RESEARCH ON HETEREGENEOUS DATA
FOR RECOGNIZING THREAT
Deris Stiawan, Abdul Hanan Abdullah and Mohd Yazid Idris
Faculty of Computer Science & Information System, Universiti Teknologi Malaysia, Johor Bahru, Malaysia
Keywords: Heterogeneous data, Intrusion prevention and prediction, Data mining.
Abstract: The information increasingly large of volume dataset and multidimensional data has grown rapidly in recent
years. Inter-related and update information from security communities or vendor network security has
present of content vulnerability and patching bug from new attack (pattern) methods. It given a collection of
datasets, we were asked to examine a sample of such data and look for pattern which may exist between
certain pattern methods over time. There are several challenges, including handling dynamic data, sparse
data, incomplete data, uncertain data, and semistructured/unstructured data. In this paper, we are addressing
these challenges and using data mining approach to collecting scattered information in routine update
regularly from provider or security community.
1 INTRODUCTION
Currently, much of the information is now in textual
form, this information can be correlate and
appropriate for solving problem on a particular
problem. This could be data from the web, library
data, logging, and past information that are stored as
archives, these data can form a pattern of specific
information
.
In this case, the information increasingly large of
volume dataset and multidimensional data has
grown rapidly in recent years.

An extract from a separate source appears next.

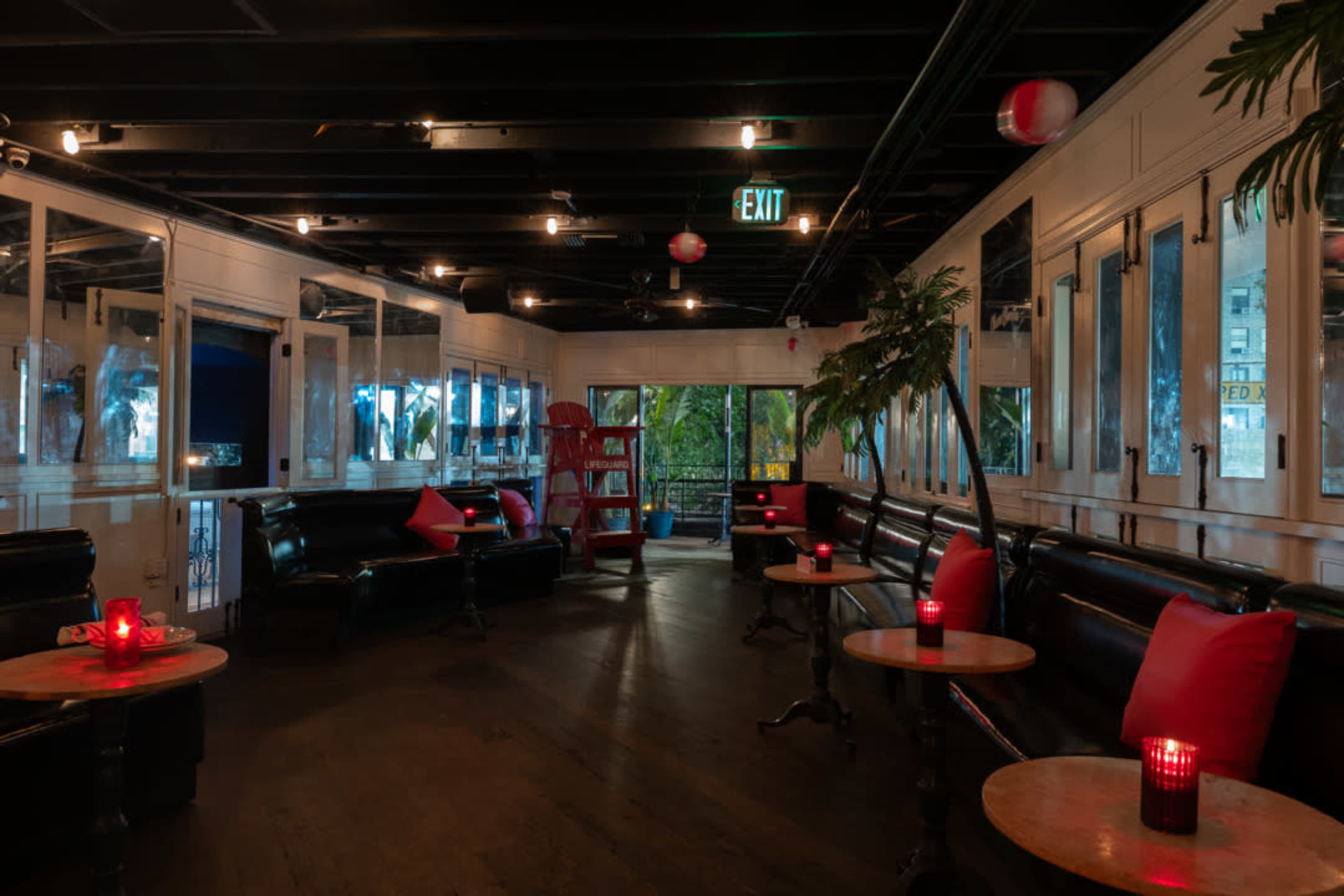 The image shows a dimly lit lounge with black sofas, red cushion accents, wooden tables, and a tropical plant, alongside a bar area visible through large windows.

In another scenario,
(Martin, 2001) describes benefits of CVE
compatibility, integrating vulnerability services and
tools to provide more complete security provide and
alert advisory services, (Tsang et al., 2009) using
blacklisting a user and notifying the user of blacklist
status, and (Zhou et al., 2010) collecting URL
filtering systems for provide a simple and effective
way to protect web security.
However, it is possible for propose collecting
scattered information in routine update regularly
from provider or security community. This data can
be useful information to be associated with other.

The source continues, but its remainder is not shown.